The computer programs include executable code that is usually stored in a persistent storage medium and then copied into memory at run-time. At least one processor executes the code by retrieving program instructions from memory in a prescribed order. When executing the program code, the computer receives data from the input and/or storage devices, performs operations on the data, and then delivers the resulting data to the output and/or storage devices.

Those of skill in the art will appreciate that the various illustrative modules and method steps described herein can be implemented as electronic hardware, software, firmware or combinations of the foregoing. To clearly illustrate this interchangeability of hardware and software, various illustrative modules and method steps have been described herein generally in terms of their functionality. Whether such functionality is implemented as hardware or software depends upon the particular application and design constraints imposed on the overall system. Skilled persons can implement the described functionality in varying ways for each particular application, but such implementation decisions should not be interpreted as causing a departure from the scope of the invention. In addition, the grouping of functions within a module or step is for ease of description. Specific functions can be moved from one module or step to another without departing from the invention.
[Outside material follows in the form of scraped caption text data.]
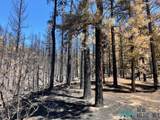 1045 Ctc Ranch Canyon - Photo 8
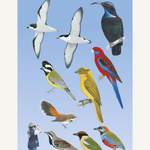 Slater Field Guide To Australian Birds Third Edition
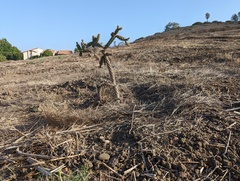 Cylindropuntia prolifera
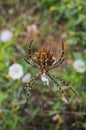 Huge spider (Argiope lobata, Araneidae) on a web, Krimea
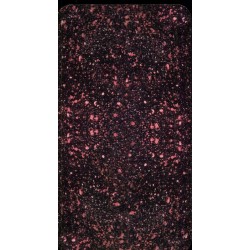 Tarot Sola Busca Tarot (M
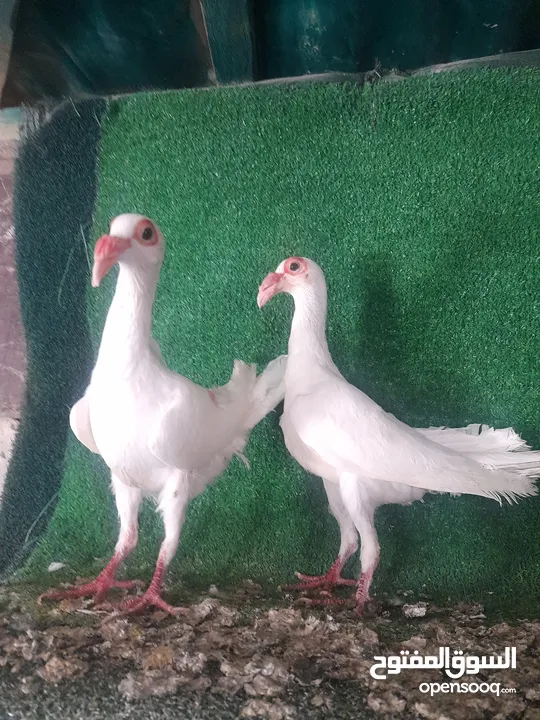 جوز مخاليف اول بطن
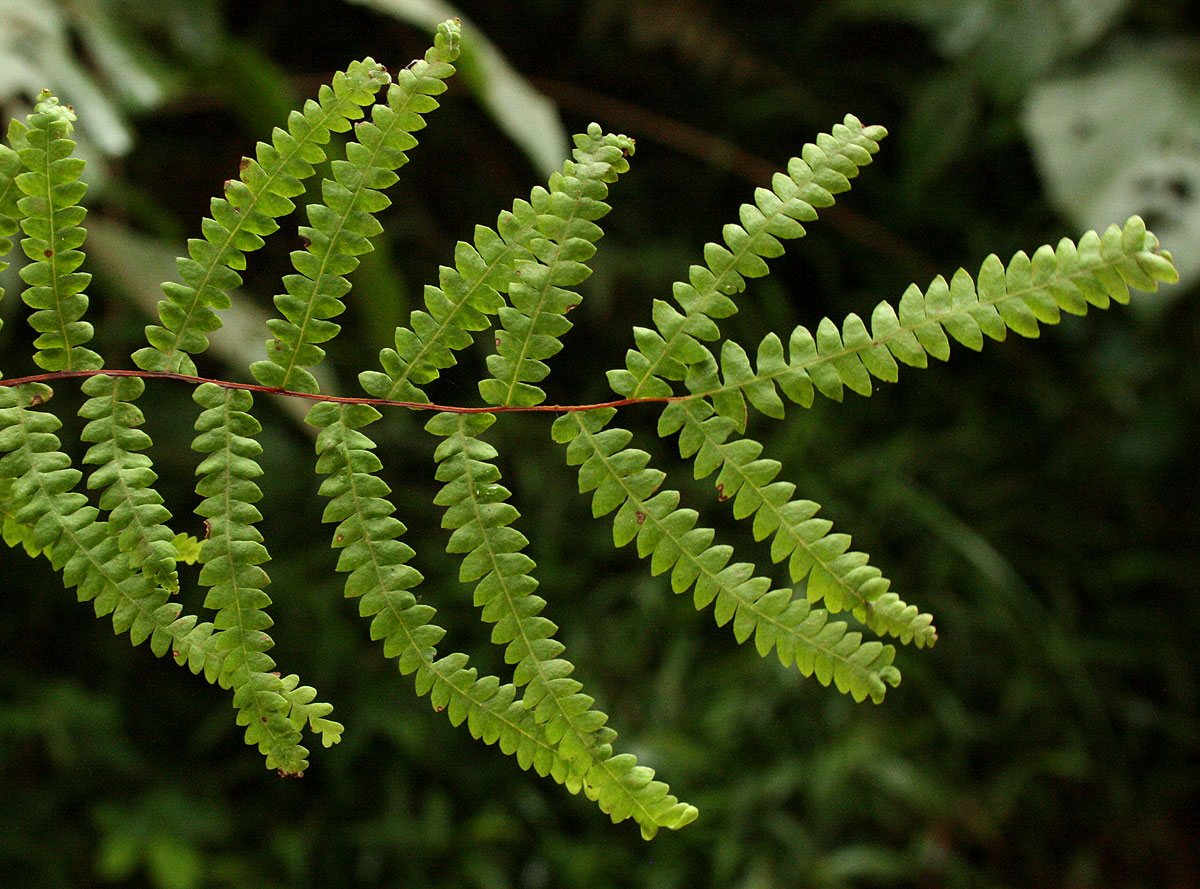 Gleichenia polypodioides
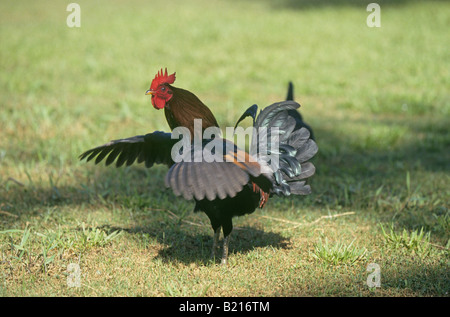 A male or rooster Red Junglefowl Gallus gallus a tropical member of the Pheasant family Stock Photo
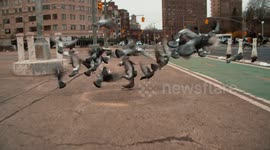 Company performs first ever electric air taxi flight over New York City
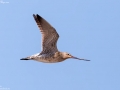 Bar-tailed Godwit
Additionally, the steps of a method or technique described in connection with the implementations disclosed herein can be embodied directly in hardware, in a software module executed by a processor, or in a combination of the two. A software module can reside in RAM memory, flash memory, ROM memory, EPROM memory, EEPROM memory, registers, hard disk, a removable disk, a CD-ROM, or any other form of storage medium including a network storage medium. An example storage medium can be coupled to the processor such that the processor can read information from, and write information to, the storage medium. In the alternative, the storage medium can be integral to the processor. The processor and the storage medium can also reside in an ASIC.

Claims

1. A method for building a track for a computer game, the method comprising:

enabling a player of the computer game to generate the track using a controller used to play the computer game,

wherein the track is generated from a point of view of the player steering the controller; and

laying out the track behind the player steering the controller.
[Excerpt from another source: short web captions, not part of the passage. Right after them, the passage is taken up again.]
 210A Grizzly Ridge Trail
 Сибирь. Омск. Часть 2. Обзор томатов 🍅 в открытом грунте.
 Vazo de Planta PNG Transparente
2. The method of claim 1, further comprising

selecting a theme of the computer game.

3. The method of claim 2, further comprising

populating an environment around the track based on the selected theme.

4. The method of claim 1, wherein laying out the track includes

forming at least turns, valleys, hills, and bridges on the tracks or path by steering the controller.

5. The method of claim 4, wherein steepness of the at least turns, valleys, hills, and bridges are determined by directional controls on the controller and the speed at which the player steers the controller around the at least turns, valley, hills, and bridges.

6. A game console comprising:

a game controller that inputs commands to the console to play a computer game;

a processor that:

enables a player of the computer game to generate a track for the computer game using the game controller,

wherein the track is generated from a point of view of the player steering the game controller; and

lays out the track behind the player steering the game controller.

7. A computer-readable storage medium storing a computer program for building a track for a computer game, the computer program comprising executable instructions that cause a computer to:

enable a player of the computer game to generate the track using a controller used to play the computer game,

wherein the track is generated from a point of view of the player steering the controller; and

lay out the track behind the player steering the controller.